The International Atomic Energy Agency declared on Friday that its negotiations with Iran over Tehran’s nuclear programme had stalled badly, a development that the UN agency described as “disappointing.”
Amid growing international concern that Iran is once again refusing to make any compromises with the international community over its nuclear programme, the IAEA stated that there had been “no progress” in talks with Iran that are aimed at clarifying whether it has sought a nuclear bomb in the past.
Over the last two weeks, Iran and the IAEA had been indicating that significant progress was being made on a framework agreement to resume a long-stalled IAEA investigation into Tehran’s atomic activities.
The IAEA wants to clear up long-standing suspicions that Iran has undertaken activities linked to building a nuclear weapon in the past. In particular, the IAEA has for some time been pressing for a deal that would enable its inspectors to visit a military complex where they suspect atom bomb research has taken place.
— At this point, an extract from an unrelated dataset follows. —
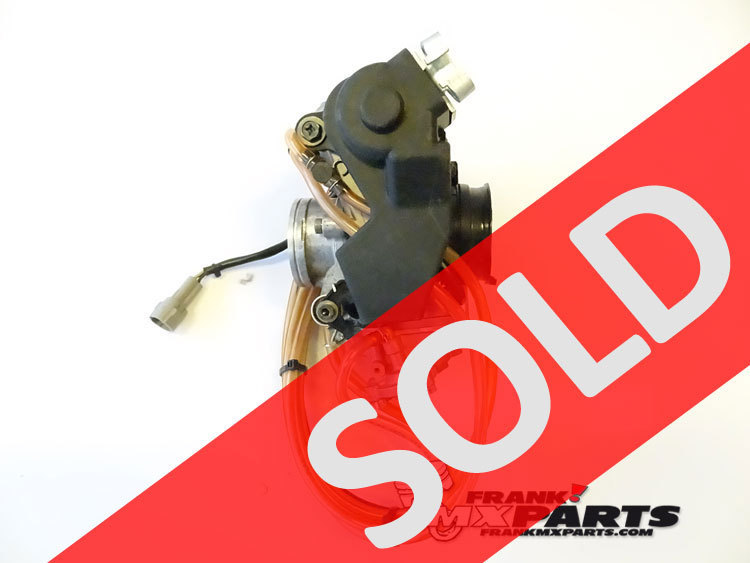 Keihin FCR 39 Vergaser / Suzuki DR-Z400E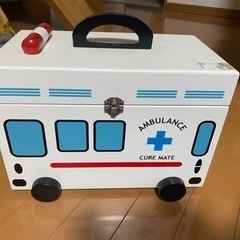 お値下げしました！救急箱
But the IAEA indicated late on Friday that a day of talks with a senior Iranian official in Vienna to conclude an agreement had ended in deadlock.
“The agency team came to the meeting in a constructive spirit with the desire and intention of finalising the paper,” said Herman Nackaerts, the IAEA deputy director general, after the meeting. “We presented a revised draft which addressed Iran’s earlier stated concerns. However, there has been no progress and, indeed, Iran raised issues that we have already discussed and added new ones.”
Mr Nackaerts added: “ This is disappointing. A date for a follow-on meeting has yet to be fixed.”
The apparent collapse of talks between Iran and the IAEA will add to gloom that there will now be no progress on the more wide-ranging international negotiations over the future of the Iranian nuclear programme. Iran is due to meet senior diplomats from the EU and six world powers in Moscow on June 18 for another round of talks aimed at trying to scale back the future development of Iran’s nuclear programme.
However, senior EU officials expressed concern on Thursday that Iran’s dialogue with the six world powers also appears close to collapse. This is because Tehran has this week appeared to be preparing for the failure of the Moscow talks by accusing the EU of “dithering” in its preparation for the meeting in the Russian capital.
The failure of the talks with the IAEA in Vienna will now add to western perceptions that Iran is planning to make no compromises in Moscow, just three weeks after an inconclusive meeting with the six powers in Baghdad.
“What we’ve seen in Vienna cannot be encouraging for Moscow at all,” said a western diplomat on Friday night.
Failure of the diplomatic talks in Moscow would inevitably raise concerns that Israel could press ahead with a strike on Iran’s nuclear facilities this year. The talks are widely seen as the last chance for a negotiated solution over the Iranian nuclear programme before it reaches what Israel regards as a point of no return.
The failure of the Vienna talks is a surprise because Yukiya Amano, the IAEA’s director-general, travelled to Iran two weeks ago and said he was close to securing an agreement that would see Iran answering concerns about its past activities.
But differences remained on how the IAEA should conduct its probe, and the US said this week that it doubted whether Iran would give the UN agency the kind of access to sites, documents and officials it needed.